В Москве на базе Центра диагностики и коррекции «Коньково» также стала развиваться социальная работа с семьей, после того как специалисты из него прошли обучение и стажировку у нас. Был запросы из других центров, но в силу ведомственной принадлежности, недостатка административной поддержки, эти запросы не привели к развитию социальной работы.

Есть в Москве еще несколько центров развития социальной работы с семьей. Один из них уже упоминался – Реабилитационный центр «Отрадное», чрез который распространяется сетевая терапия, да еще Служба кровной семьи, созданная на базе детского дома №19. Конечно, для Москвы это крайне мало, а учитывая количество разговоров о необходимости работы с семьей – просто смешно и грустно одновременно.

При этом все эти службы во многом созданы благодаря личной инициативе руководителей этих учреждений.

Попытки распространить нашу технологию в другие учреждения часто ставят специалистов в положение, что они оказываются неэффективны по существующим критериям, не укладываясь в отчетность. И они становятся перед выбором – работать одним образом, а отчитываться другим, или просто все оставить без изменений. Ну и третий выбор – просто уйти из своего учреждения, и заняться частной практикой, например.

Нам удачно удалось устроится под крышей МГППУ. Эта крыша стала сейчас для нас золотой клеткой. Она может быть очень надежна, все говорят какие вы молодцы, все хорошо, но передать наши технологии куда-то еще не дают. К сожалению, не дают, по крайней мере, в Москве. Хотя, на мой взгляд, у нас есть готовые технологии, у нас есть готовые программы обучения этим технологиям. Вообще-то школьный социальный педагог, если он захочет, ничто не препятствует ему в меру своей собственной инициативы работать с использованием наших технологий. Почему? Потому что это дает ощущение, что я не зря трачу свое время.

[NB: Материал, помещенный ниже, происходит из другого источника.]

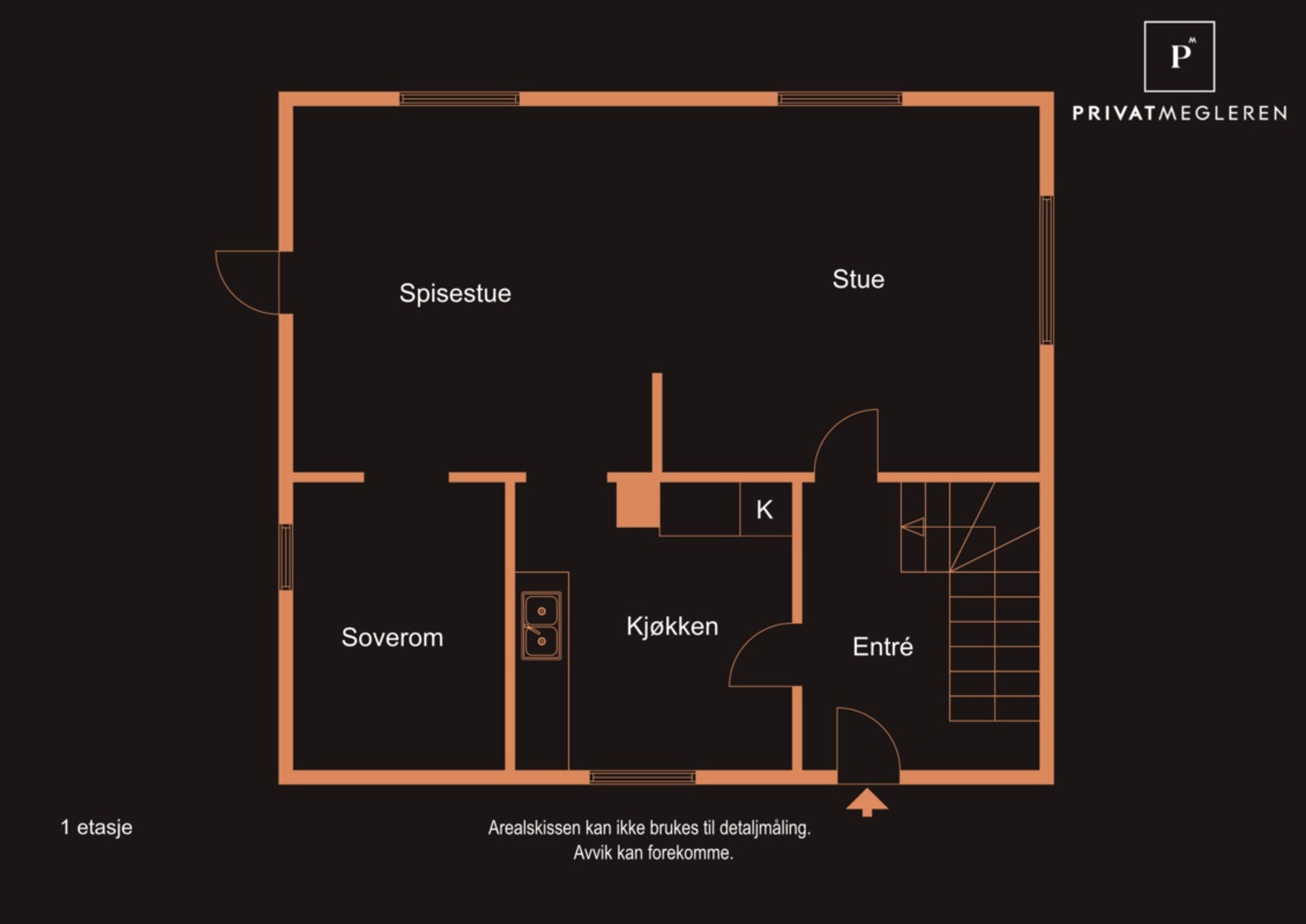 Plantegning av 1. etg. Galleribilde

Конечно, в нашей службе есть и минусы, но есть и плюсы.

Три главных минуса: первый – эта работа тяжелая, потому что семьи трудные и клиенты не всегда благодарны. Второй минус: работы много, и она не нормированная. Часто встречи происходят в 8-9 часов вечера, допустим. Я, правда, говорю, что не надо в 8-9 часов, и район не самый лучший, и о себе и свой личной жизни думать надо. Ну и третий, что платят крайне мало за такую работу.

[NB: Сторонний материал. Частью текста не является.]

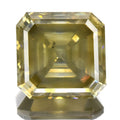 2.47ct Emerald Cut Natural Untreated Fancy Greenish Yellow Diamond SI2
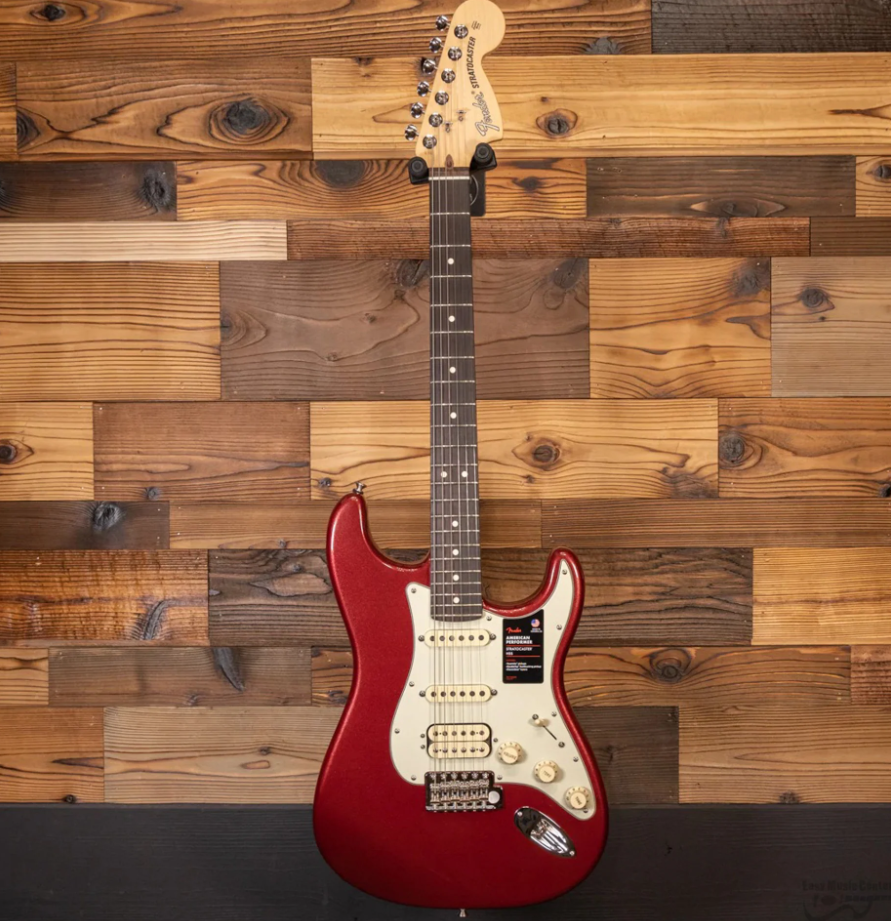 Электрогитара Fender American Performer Stratocaster HSS Maple Black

Но есть и три преимущества. Первое – работа абсолютно не формальная, а реальная. У нас ориентация на результат, не важно сколько человек провел времени на рабочем месте, встреч, оказал услуг, важно, что семья, с которой он начал работать, изменилась, что ситуация изменилась. Если результата добился минимальным количеством встреч, значит, хорошо работает. Вторая вещь. Команда. У нас реально в центре команда, которая включает в себя разных специалистов, разделяющих общие принципы, являющихся соавторами и партнерами. И третье – нам удалось создать условия для развития наших специалистов. Профессионального развития, через поддержку обучения, организацию профессиональных обсуждений, и личного развития, насыщая пространство нашего центра и другими, не только профессиональными возможностями, которые в большинстве предлагают сами наши сотрудники, поскольку они все очень интересные и творческие люди.